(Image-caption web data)
--------
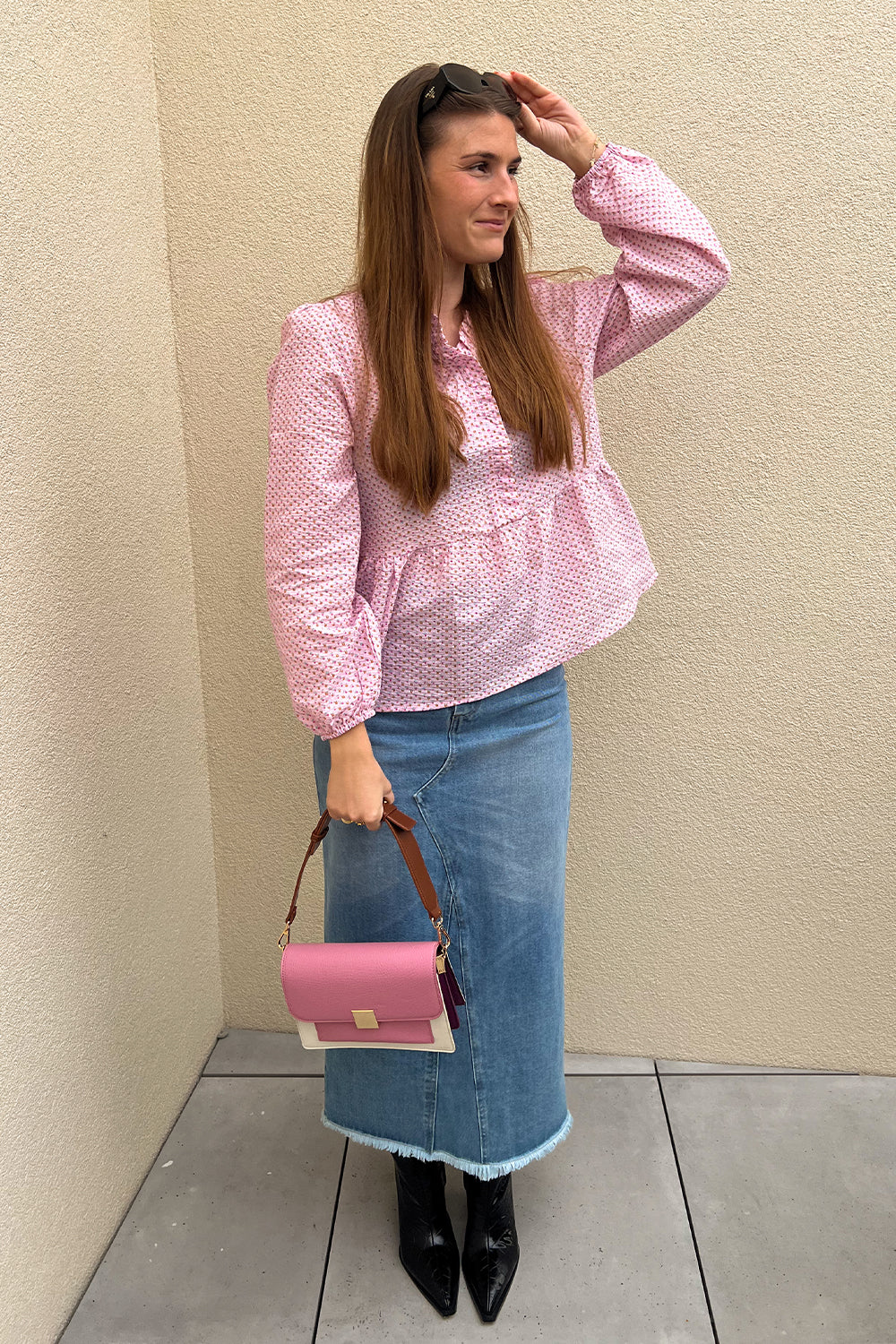 Ruby Matti Blouse Rose/Pink Apple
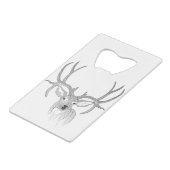 Hirsche, Hirschjagd, Maultier, Hirsche, Weißer Sch Geldbeutel Flaschenöffner (Vorderseite Schrägansicht)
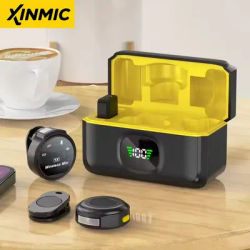 XinMic J6 Wireless Lavalier Lapel Microphone Noise Cancel Live Mini Mic iPad Android Type-C Phone Outdoor recording Interview PC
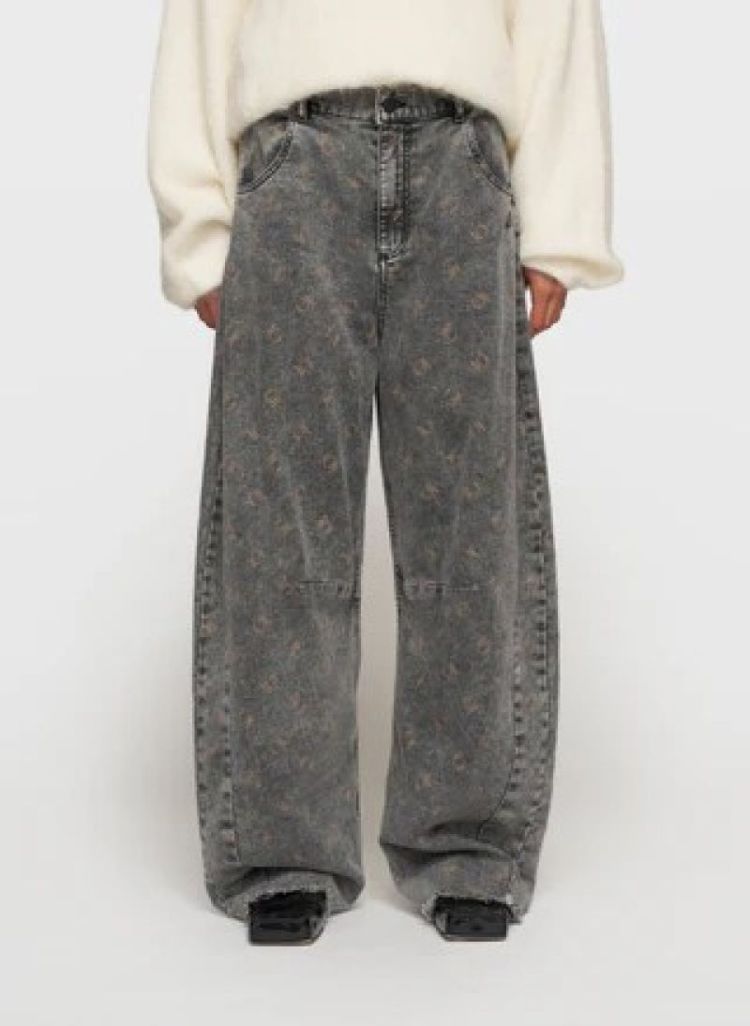 WESTERN PANTS MONOGRAM 1012 BLACK 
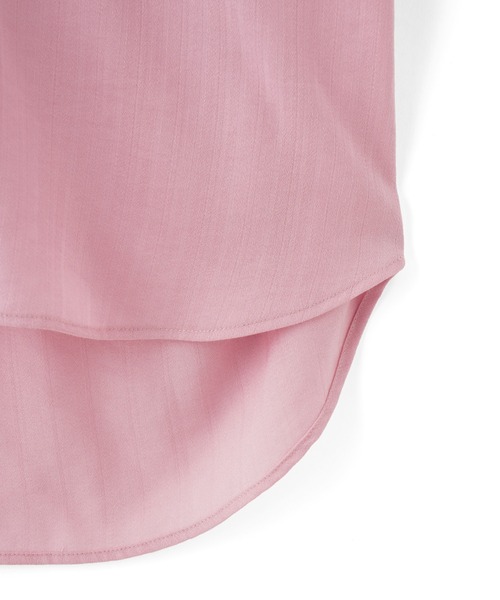 ROSE BUD（ローズバッド）の「(GENE HEAVENS)COTTON PEARL BUTTON V NECKＳHIRT（シャツ/ブラウス・レディース・グレー/ピンク/ブラウン/ホワイト・ONE SIZE）」の10枚目の写真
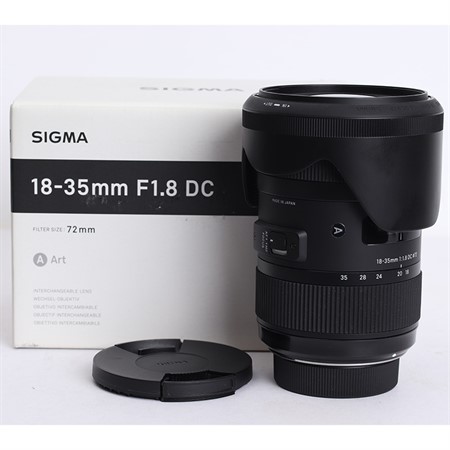 Sigma 18-35/1,8 Art till Nikon (Begagnad)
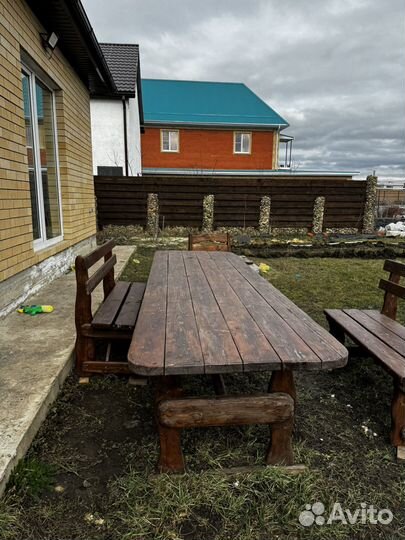 Подставка для цветов деревянная лавка дерево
--------
_Activity_.
Every line from the line containing "WESTERN PANTS MONOGRAM 1012 BLACK" through the last line above is to be printed exactly. Pictures are not copied.

_Output of the task_.
 WESTERN PANTS MONOGRAM 1012 BLACK 
 ROSE BUD（ローズバッド）の「(GENE HEAVENS)COTTON PEARL BUTTON V NECKＳHIRT（シャツ/ブラウス・レディース・グレー/ピンク/ブラウン/ホワイト・ONE SIZE）」の10枚目の写真
 Sigma 18-35/1,8 Art till Nikon (Begagnad)
 Подставка для цветов деревянная лавка дерево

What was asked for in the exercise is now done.